YuanGongND / ssast

Code for the AAAI 2022 paper "SSAST: Self-Supervised Audio Spectrogram Transformer".
BSD 3-Clause "New" or "Revised" License
362 stars 58 forks source link

Loss curves #5

Open treasan opened 2 years ago

treasan commented 2 years ago

Hey, great work! I just wanted to ask whether you might have the loss curves of your runs so that I can compare with my experiments a little bit?

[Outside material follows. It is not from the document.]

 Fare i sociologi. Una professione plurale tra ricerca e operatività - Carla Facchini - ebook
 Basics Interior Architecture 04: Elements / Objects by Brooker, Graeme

YuanGongND commented 2 years ago

Hi Tom,

Thanks for your interest.

I didn't plot the loss curve, but I think I still have (pre)-training logs on my server. Which experiment are you looking for?

-Yuan

treasan commented 2 years ago

Thanks for the reply! I am looking for the pre-training run(s), i.e. the one trained on Librispeech + AudioSet.

treasan commented 2 years ago

Bump! Sorry to get back to the question. But I am currently trying to implement SSAST (well, its masked autoencoder counterpart, see https://arxiv.org/pdf/2203.16691.pdf) for music. For efficiency reasons, I tried to have the computed spectograms in FP16 format, but the reconstruction (generative) loss curve seems a bit weird. It first goes down really quickly, rises again to a given point and drops slowly again afterwards.

I just wanted to have some comparison in order to know what I should expect. Thanks in advance!

YuanGongND commented 2 years ago

Hi there,

I think this is our log (gen&dis objective, 400 masking patches, full AS + Librispeech). Unfortunately, I don't think we logged the generation loss but just the discrimination loss. The columns are defined at https://github.com/YuanGongND/ssast/blob/35ae7abbdd2870c008feed4ece8b7c6457421b17/src/traintest_mask.py#L147

For your question

reconstruction (generative) loss curve seems a bit weird. It first goes down really quickly, rises again to a given point and drops slowly again afterwards.

Could it be possible due to you add L_g and L_d together? Otherwise, the L_g on the training set should always drop.

-Yuan